In the 1951 movie, 'The Day the Earth Stood Still', the alien Klaatu comes to our planet with an important message. Ironically, he cannot deliver his vital warning because we assume the worst of new or uncertain things. Klaatu is arrested, confined, and eventually shot, all driven by our fear and suspicion of his motives. Although this movie is over 55 years old, it contains truths that would be valuable for us to consider today.
Then and now, the conventional wisdom is to fight aggression with retributive violence. The argument is that a failure to be tough will result in the loss of liberty, resources, or even life. There is ample historic and present-day evidence to illustrate the truth of this perspective.
The unfortunate corollary to this perspective is that it exists on both sides of the battlefield. Therefore both sides must be tough, both sides must employ violence, and both sides cannot stop until one or the other is completely eliminated. You cannot just wade in the pool of violence, you must get all in.

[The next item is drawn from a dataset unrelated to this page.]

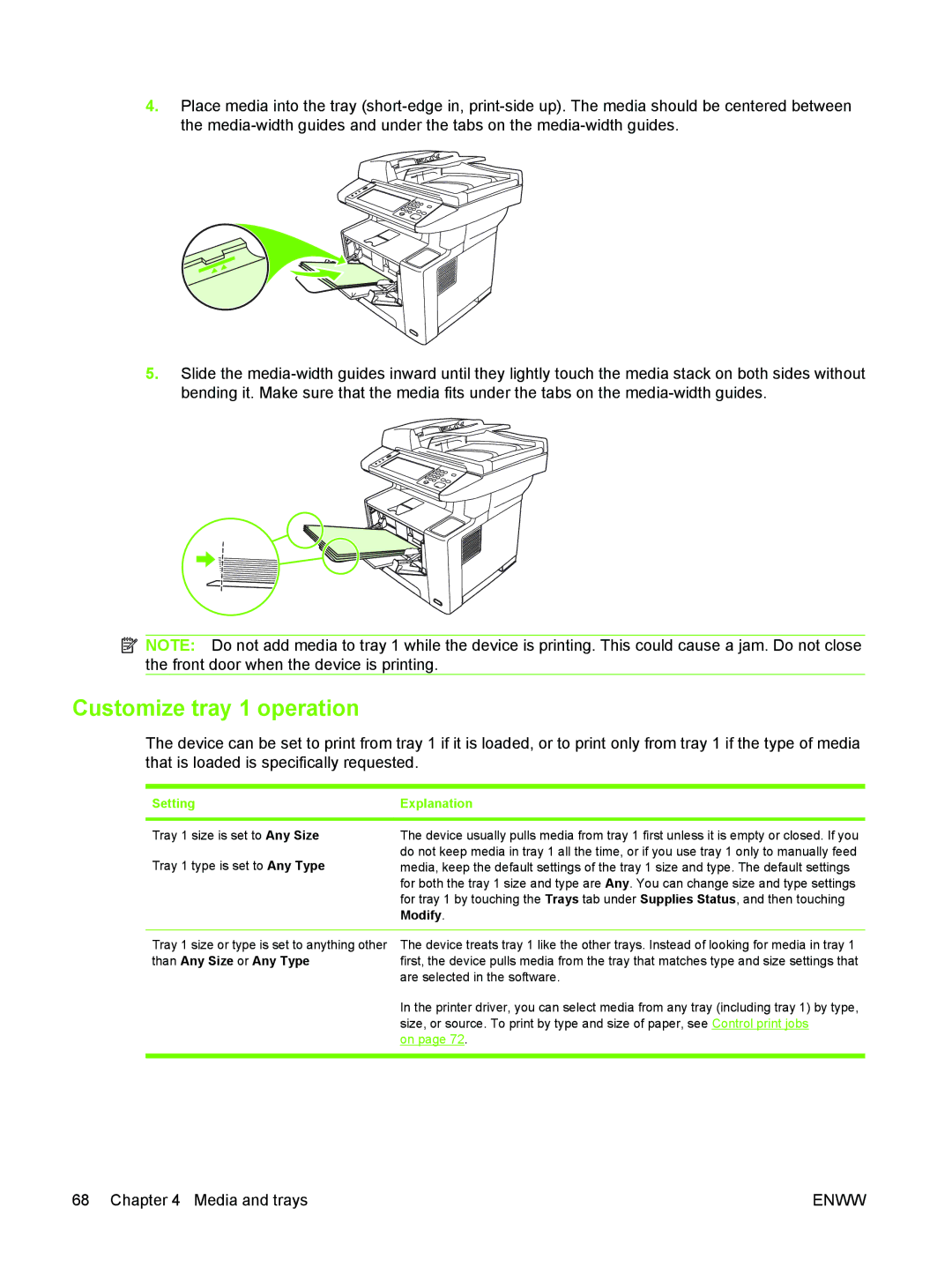 HP M3027/M3035 manual Customize tray 1 operation, Setting Explanation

The War on Terrorism inevitably increases the number of people seeking revenge on America. As more people die from our retribution, more of their children or family members seek retribution themselves. It cannot stop unless reasonable people from both sides make it stop. These are not reasonable times. As Klaatu suggests, "I am fearful when I see people substituting fear for reason."
In the movie, Klaatu heals himself and leaves our planet. As he enters his spaceship, he tells us why he came to Earth. It seems all the other planets in the galaxy had created a race of robots programmed to automatically destroy all aggressive warlike behavior. Thanks to this unilateral agreement, all planets live without weapons or armies, knowing that any aggressor will be destroyed.
Klaatu offered a simple warning, "Join us and live in peace, or pursue your present course and face obliteration." It would have been a good message for the planet to hear - even today. There must be people on our planet who can rise above their anger to think about the lives of the people still living. I will be hopeful when I see people substituting compassion for fear.